Sur le terrain, la qualité souvent médiocre des activités périscolaire ou de leur organisation est dénoncée par les collègues comme un facteur aggravant les conditions d’apprentissages des élèves et les conditions de travail des enseignants. Alors que la réforme avait d’abord été dénoncée pour son impact sur la vie personnelle des agents, elle l’est maintenant parce que non seulement elle est un leurre pour la réussite des élèves mais surtout parce que dans certains cas elle donne le sentiment de la compromettre. Comment dans ces conditions répondre aux injonctions sociales et politiques de hausse du niveau scolaire des élèves ? La réforme des rythmes associée à l’absence de réponses institutionnelles sur les points les plus urgents à traiter d’après les enseignants ont renforcé le sentiment d’impuissance de nos collègues et la méfiance voire la défiance face à une administration de plus en plus exigente et de plus en plus déconnectée de la réalité du fonctionnement des écoles.

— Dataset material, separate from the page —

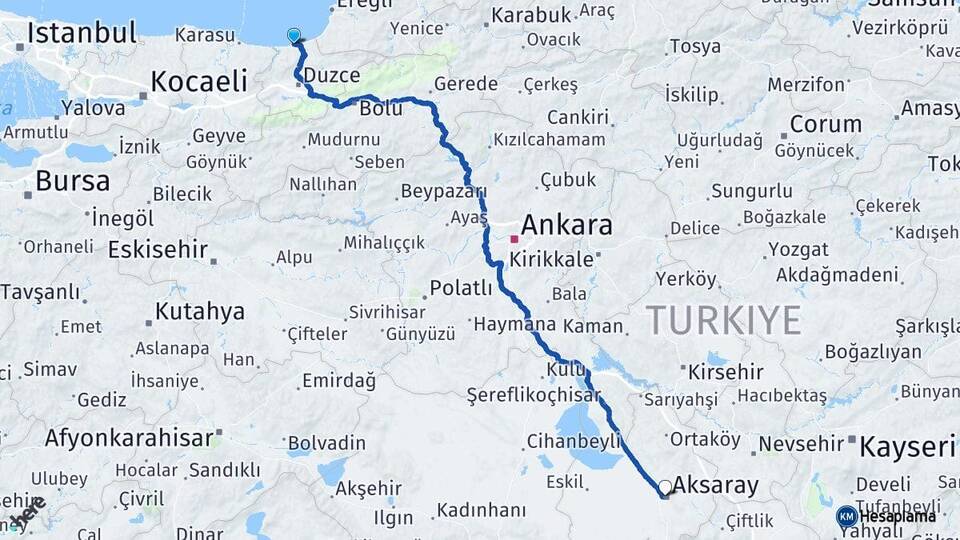 Düzce Akçakoca Aksaray Arası Kaç Km - Yol Haritası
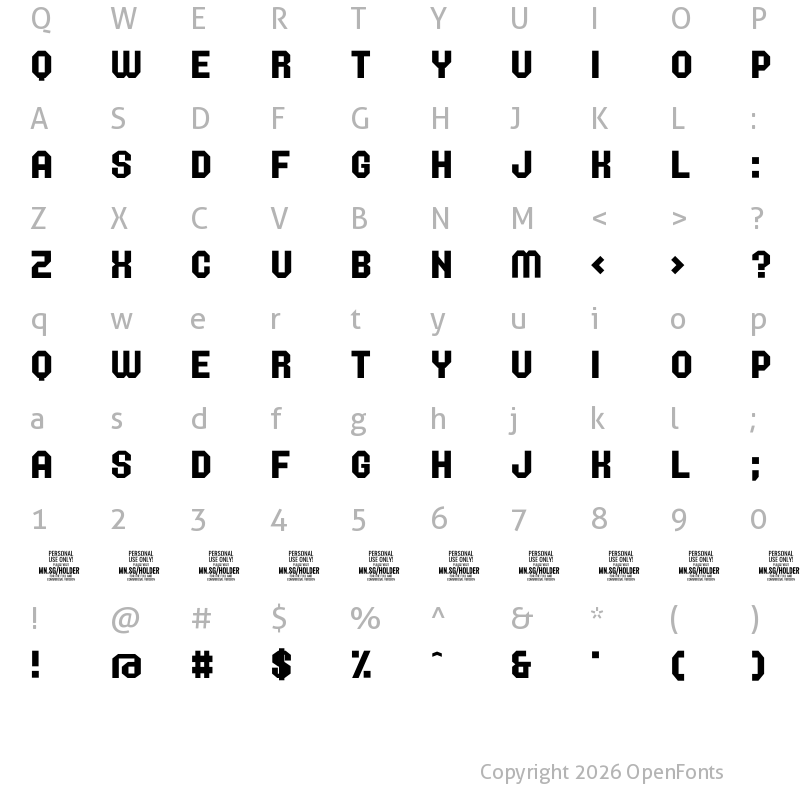 Character Map of Holder Medium PERSONAL USE ONLY Regular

Plus grave parce que cela percute l’action syndicale, le ministère a construit et nous a imposé des cadres de concertation (par exemple sur les rythmes comités de suivis à tous les niveaux) qui obligent les acteurs à traiter les questions scolaires dispositif par dispositif sans que la cohérence de cet amoncèlement de mesures puisse être interrogée et discutée. Et si nous avons bien porté la parole des enseignants dans ces instances, quel en est le résultat concret ? Le sentiment d’impuissance qui en résulte renvoie de plus en plus d’enseignants au repli sur la classe, au mieux sur l’école, ou sur la sphère privée.
Cette situation est très inquiétante pour les syndicalistes que nous sommes. L’enquête lancée avant les vacances et qui a déjà recueill 10 000 réponses doit être un levier pour construire un discours syndical au plus près des collègues et l’occasion de réactiver nos mandats, celui de la réécriture du décret en particulier. Notre posture face au ministère doit être claire : l’articulation des réformes engagées dessine par touches le paysage de l’école. Et ce paysage n’est pas celui que nous voulons et il faut le dire. Il faut le dire et proposer un projet alternatif qui redonne aux enseignants la certitude que l’action collective a d’autres buts que la modification à la marge de projets qui ne sont pas les nôtres.